© 2022 Metro-Goldwyn-Mayer Pictures Inc. All rights reserved.
『ボーンズ アンド オール』拭いがたい孤独感、思春期のためのR指定映画
2023.02.21
「人喰い」のメタファー
先述の通り、映画『ボーンズ アンド オール』は原作小説を大幅にアレンジした一作だ。したがってデアンジェリスによる原作と、グァダニーノ&カイガニックによる映画にはいくつもの相違点がある。しかし、決定的な違いをひとつだけ挙げるなら、それは「人を喰べる」という行為の意味だろう。
原作のマレンは、自分に性的興味をおぼえて近づいてくる少年たちを喰べる。ふたりきりになり、そっと唇を重ねようとしたが最後、彼らはたちまち餌食になってしまうのだ。かたや、リーの「喰べる」行為にはマレンとは別の意味がある。それは物語の後半で明らかになってくることだが、彼には彼なりの倫理があり、それに準じて喰べる相手を選んでいるのだから。
一方映画版では、マレンもリーも「喰べる」行為と性愛が分かちがたく結びついている。たとえば冒頭のシーンで、友人と仲むつまじく話していたマレンは、なぜ彼女の指に齧りついたのか。遊園地のスタッフに近づいたリーは、いかなる行為の最中に“とどめの一撃”を加えるのか。さきほど、ただ「性愛」とだけ書いたのは正確ではない。マレンにせよリーにせよ、そこには同性愛・両性愛のモチーフが常に存在するからだ。
『ボーンズ アンド オール』© 2022 Metro-Goldwyn-Mayer Pictures Inc. All rights reserved.
グァダニーノとカイガニックは、ともに自らが同性愛者であることを公表している人物だ。カイガニックは本作に関するインタビューの中で、自身が80年代にアメリカの田舎町で生まれ育ったこと、ゲイであるために身の危険を感じていたことを明かしている。「自分のアイデンティティが、間違った人々に悪意をもって知られてしまったら、攻撃されるか、殺されるか、もしかすると自死を選ばなければいけないかもしれない。自分の人生が台無しになりかねない、と感じていました」。

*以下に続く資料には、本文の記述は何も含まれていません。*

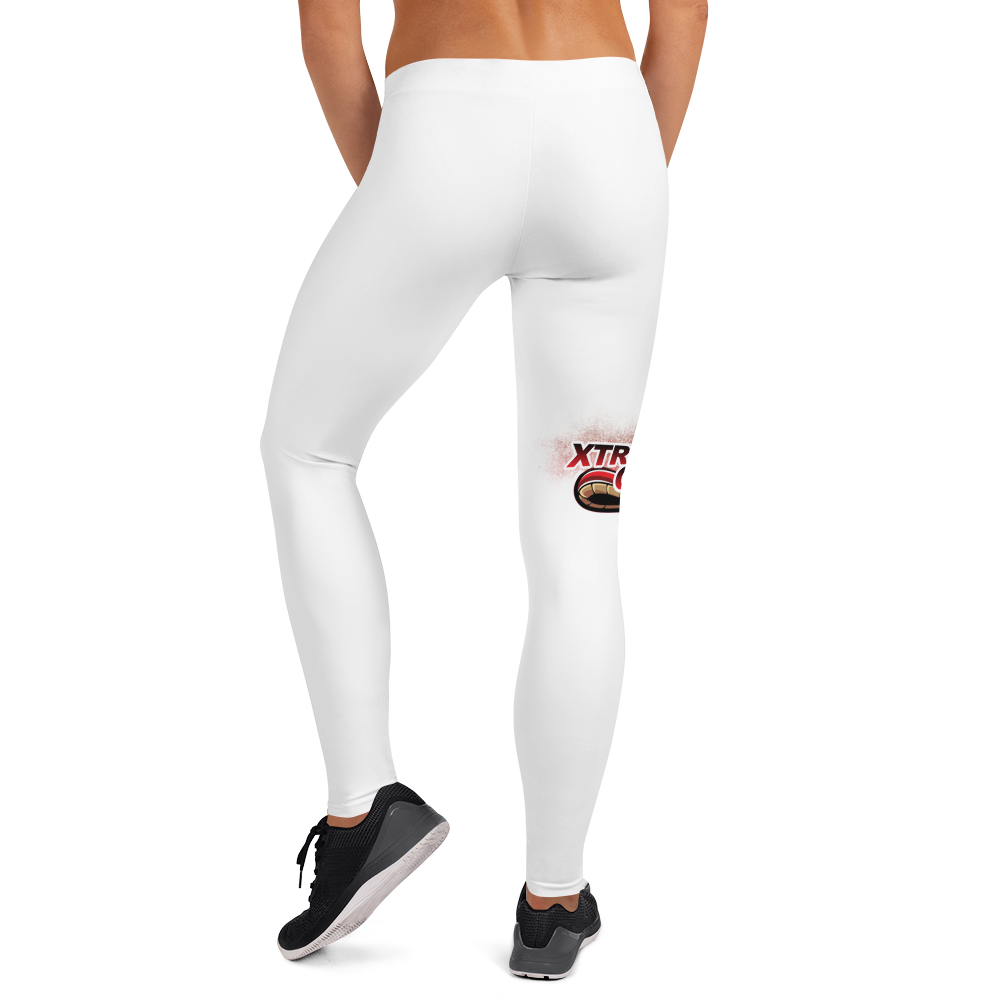 XtremeSnake Gaming Leggings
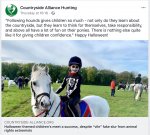 D2179274-FA60-4603-801C-270ADBE0447C.jpeg D2179274-FA60-4603-801C-270ADBE0447C.jpeg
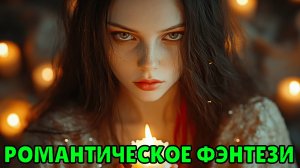 АУДИОКНИГА ПОЛНОСТЬЮ 🎧 ТАЙНЫ ГЛУШИ ❤️ НЕКРОМАНТ, УЧЕНИЦА, ТАЙНЫ, РАССЛЕДОВАНИЕ, МАГИЯ, ОПАСНОСТЬ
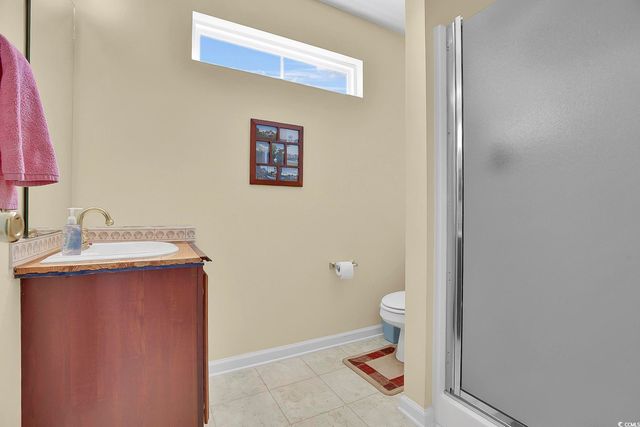 2302 Clandon Dr., Myrtle Beach, SC 29579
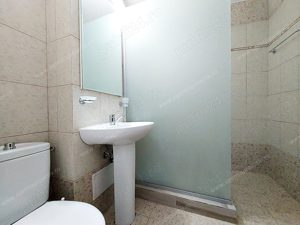 Apartament cu o camera, mobilat si utilat, zona Ultimul Leu - imagine 7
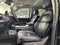 2026 Lincoln Navigator L Premiere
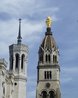 Fourviere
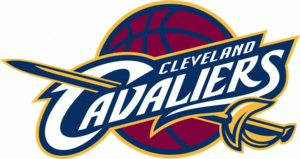 cavaliers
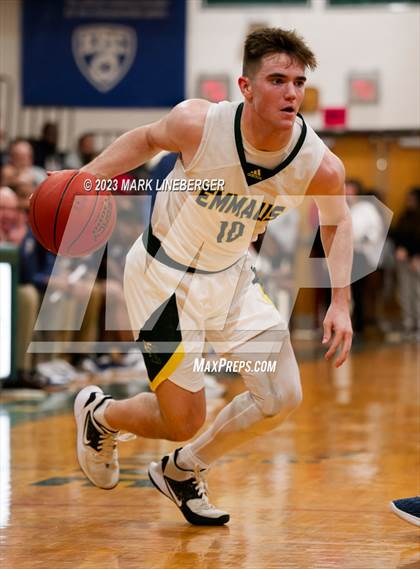 Thumbnail 3 in Pocono Mountain West @ Emmaus photogallery.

もっともデアンジェリスによる原作小説が「喰べる」という行為に複数の意味を持たせているように、映画版の「喰べる」行為にもいくつもの解釈ができる。カイガニックは自分の個人的な経験を反映したことを認めているが、それが唯一無二の答えだとは言っていないし、監督であるグァダニーノはまた別の解釈を語っている。そして、リー役のシャラメもふたりとは異なる解釈をしているのだ。その幅広さこそが、本作の“映画としての豊かさ”に結びついている。